Смысл его влияния был осознан не сразу. Андрей Белый, скажем, писал: «Лев Толстой – самое выдающееся явление русской жизни XIX столетия» 7. Но по Толстому определяли и смысл движения России в XX веке. И прежде всего мыслители тех стран, которые пережили аналогичные попятные движения от ценностей западноевропейской цивилизации к языческому и антихристианскому варварству, – прежде всего немцы. В 1923 году русский мыслитель Степун заметил этот побеждающий Россию и Германию дух антиевропеизма: «Германия сейчас, быть может, не совсем Европа, в ее судьбе много общего с судьбою России» 8. Но уже в 1922 году Томас Манн писал: «Западно-марксистский чекан, озаривший ясным светом великий переворот в стране Толстого… не мешает нам усмотреть в большевистском перевороте конец Петровской эпохи – западно- либеральствующей европейской эпохи в истории России, которая с этой революцией снова поворачивается лицом к Востоку… Но разве с момента этого исторического поворота, пророком которого, хотя в Москве и не отдают в этом отчета, был Лев Толстой, – разве не с этого момента появилось в Западной Европе ощущение, что и она, и мы, и весь мир, а не только Россия, присутствуем при конце эпохи, эпохи буржуазно-гуманистической…» 9

Добавим к этому, что немцы выступали как проводники западной цивилизации в России. У них учились, но с ними и спорили, их опровергали. Как показал еще Я. Голосовкер, русская литература была полемична по отношению к немецкой мысли. По словам Т. Манна, Гете и Толстой – идейные антагонисты. Гете он определял «как представителя бюргерской эпохи», то есть эпохи либерально- буржуазной, выражавшей сам дух европеизма. Первый удар эта либерально- европейская культура получила от России, а затем и Германия отказалась от европейского идеала свободной и самодеятельной личности. Но если в Германии европейская буржуазность погибла вопреки Гете, то в России – благодаря Толстому. Думается, оппозиция Толстой-Гете имеет всемирно-исторический характер, ибо, как вполне резонно говорил Томас Манн, «Толстой для своей страны и своего народа имеет примерно то же значение, что для нас (то есть немцев. – В. К.) автор «Фауста» и «Вильгельма Мейстера» 10.

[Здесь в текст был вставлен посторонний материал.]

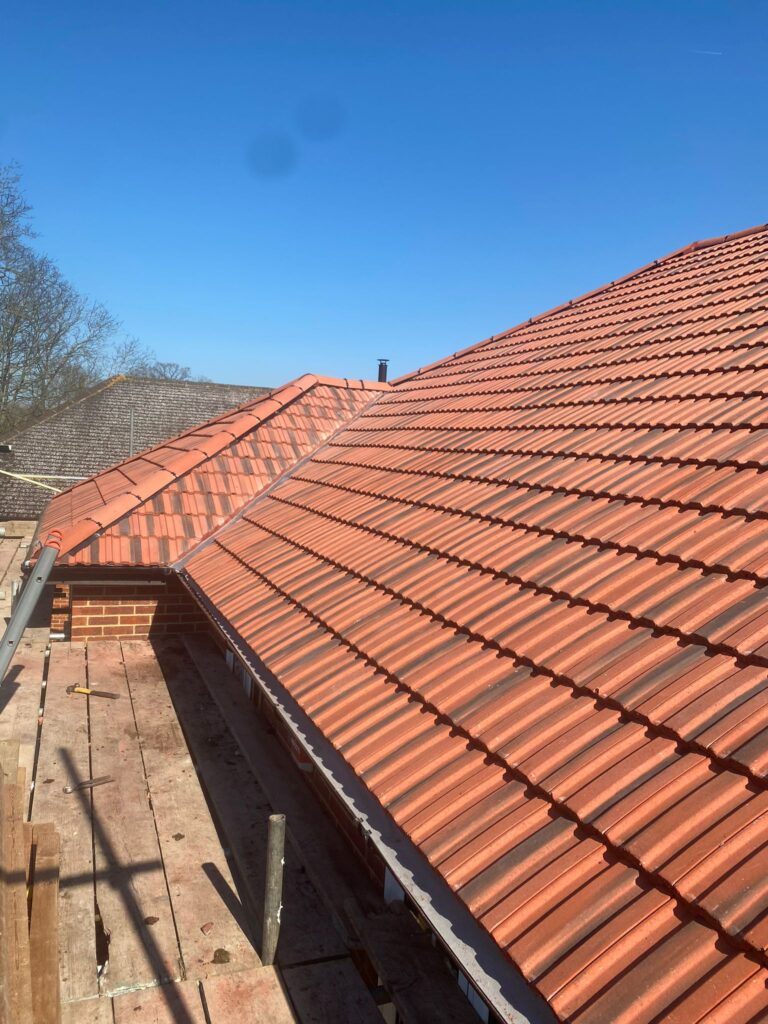 roof top of a house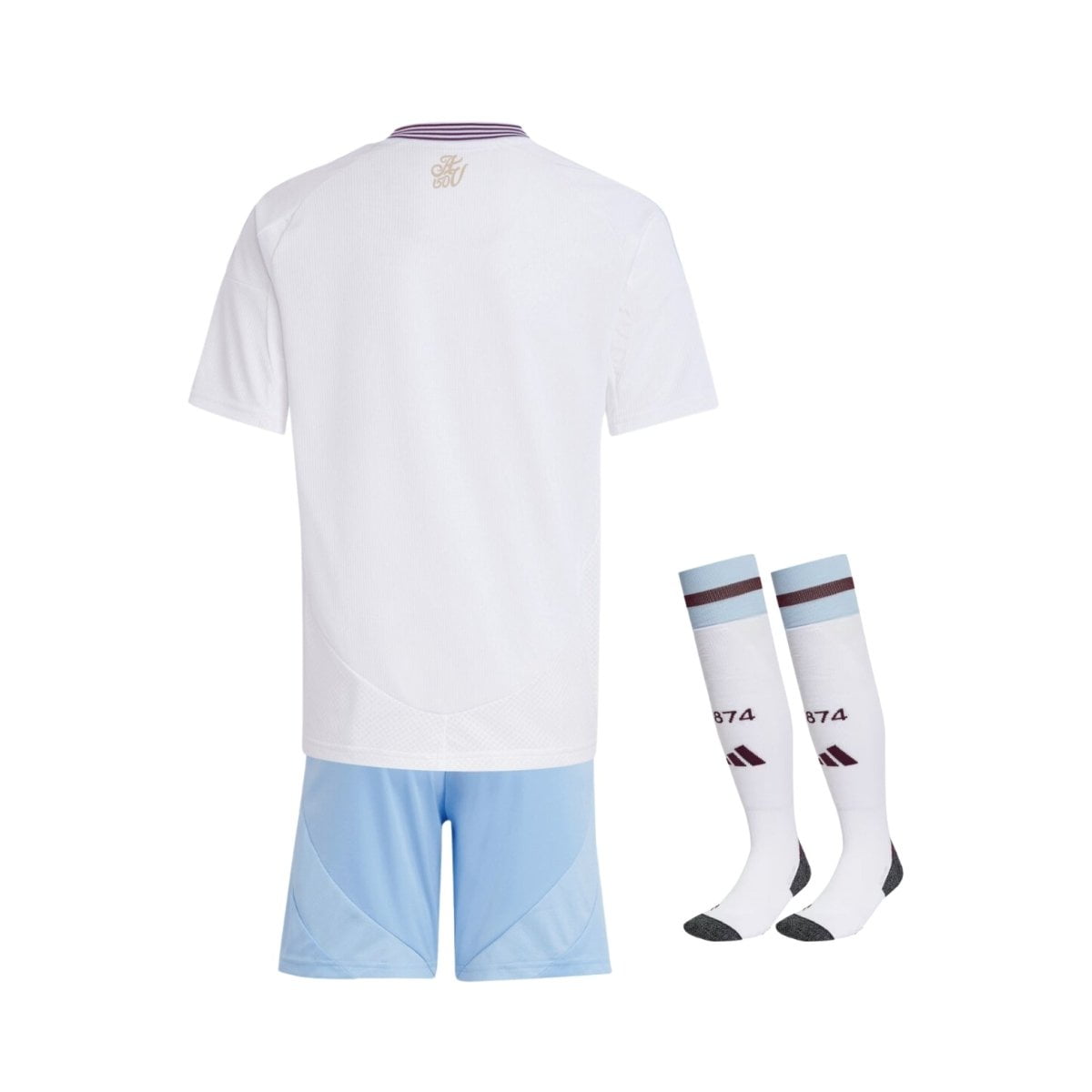 Equipamento Infantil - Aston Villa Alternativo 24/25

Действительно, славой своей они равны. Толстой не меньше Гете стремился занять главное место на литературном Олимпе, чтоб влиять на людей. В 1855 году записывает в дневнике: «Моя цель – литературная слава. Добро, которое я могу сделать своими сочиненьями» (XXI, 148). О своем старшем брате Лев Николаевич писал, что у того были все данные для большого писателя, кроме одного: полностью отсутствовало честолюбие. Лев же хотел быть первым, а первым все (Пушкин, Карамзин, Баратынский, Дружинин, Тургенев) называли Гете. Пушкин не без иронии замечал о любимом английском поэте: «Гете имел большое влияние на Байрона. Фауст тревожил воображение Чильд-Гарольда. Два раза Байрон пытался бороться с великаном романтической поэзии – и остался хром, как Иаков» 11. Почему бы русскому не попробовать?..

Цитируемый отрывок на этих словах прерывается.